How to complete this task
Could you print the stretch of lines below from the one with "MOLDING OEM 1497740-00-B" through the one with "Donald Trump e", exactly as they stand and without any pictures?

Record excerpts

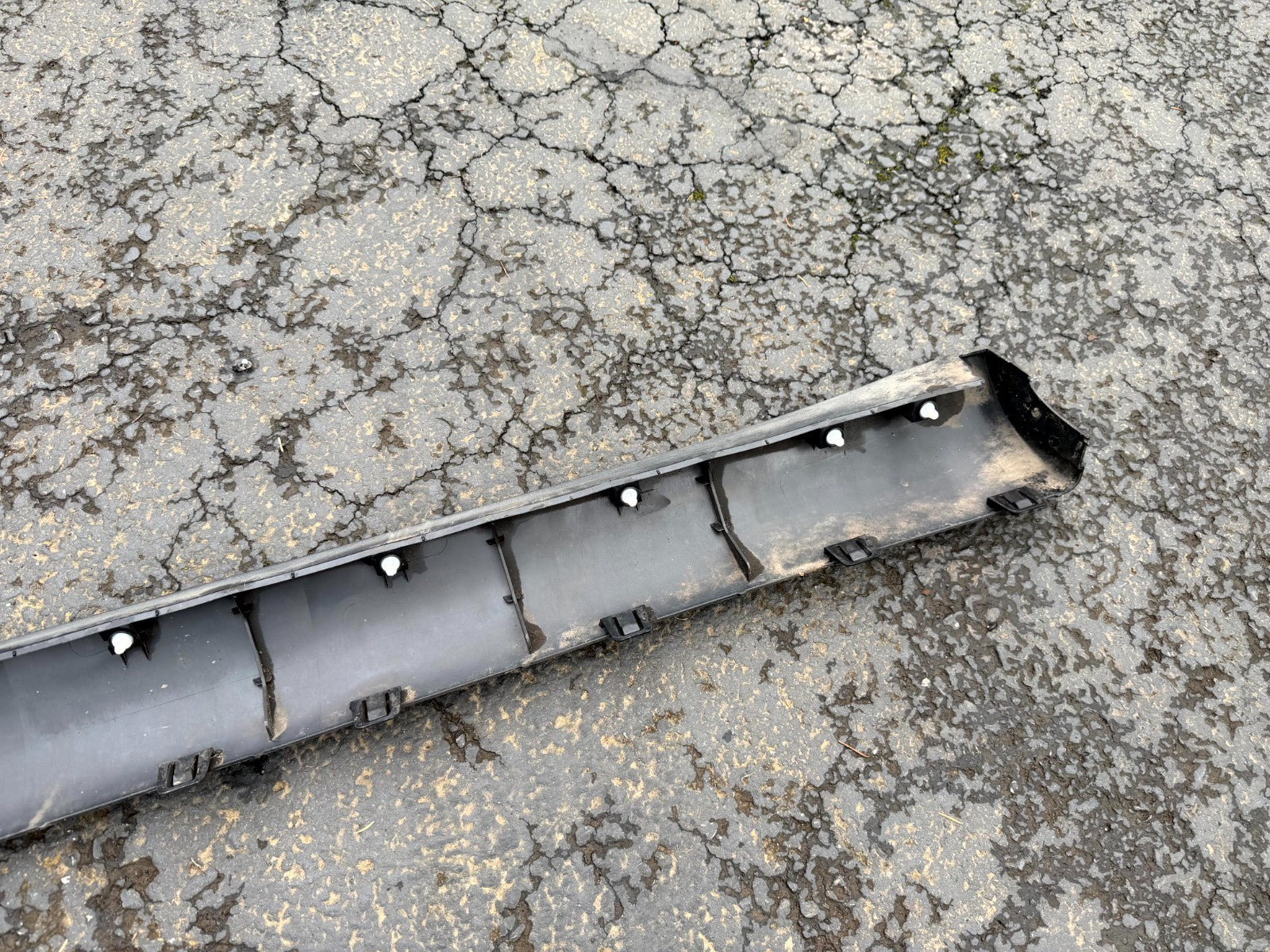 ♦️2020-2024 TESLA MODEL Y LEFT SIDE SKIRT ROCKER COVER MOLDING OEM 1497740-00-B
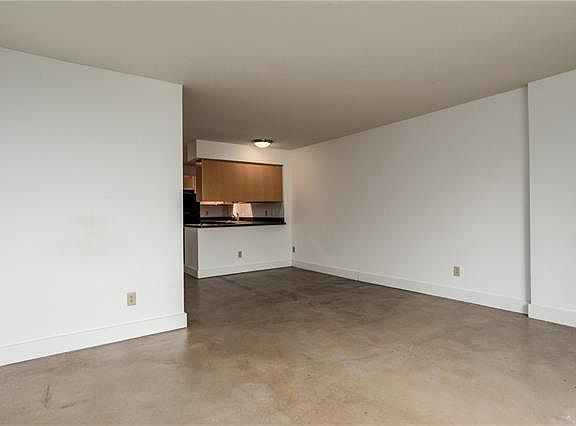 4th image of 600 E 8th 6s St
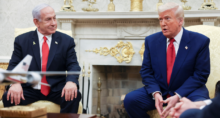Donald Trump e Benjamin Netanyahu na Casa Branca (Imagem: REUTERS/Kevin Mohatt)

* * *

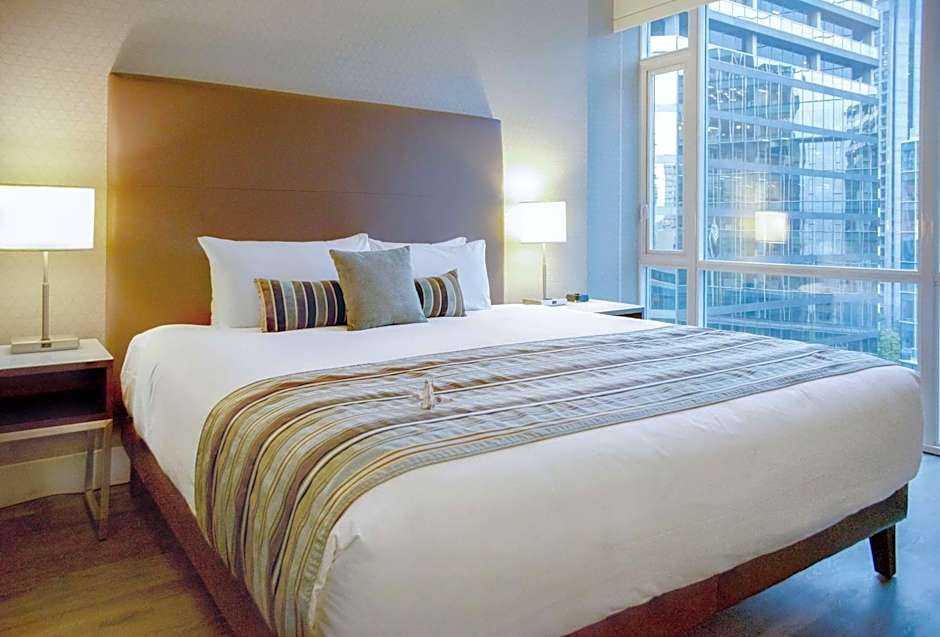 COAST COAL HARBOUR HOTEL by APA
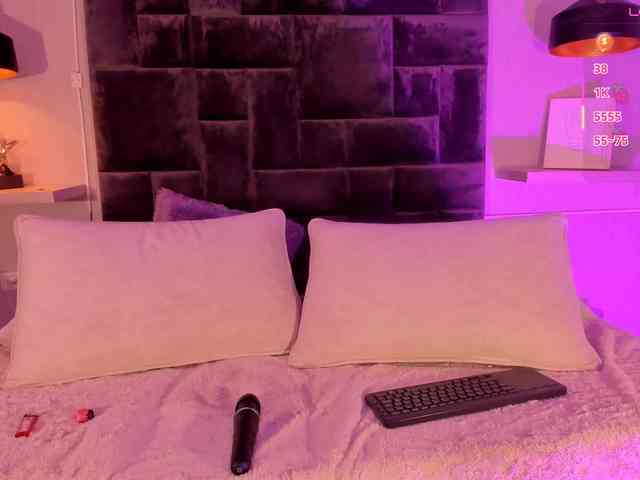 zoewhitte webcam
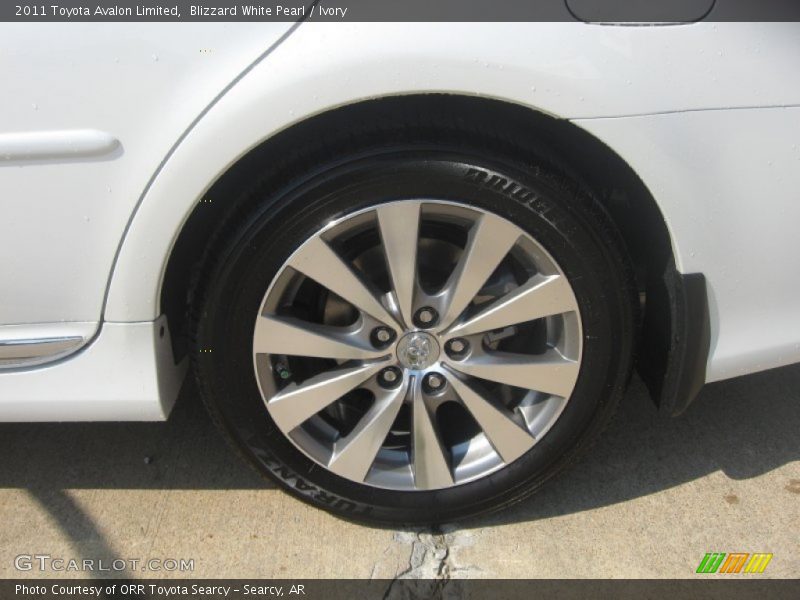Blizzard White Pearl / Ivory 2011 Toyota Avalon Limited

Result
 ♦️2020-2024 TESLA MODEL Y LEFT SIDE SKIRT ROCKER COVER MOLDING OEM 1497740-00-B
 4th image of 600 E 8th 6s St
Donald Trump e Benjamin Netanyahu na Casa Branca (Imagem: REUTERS/Kevin Mohatt)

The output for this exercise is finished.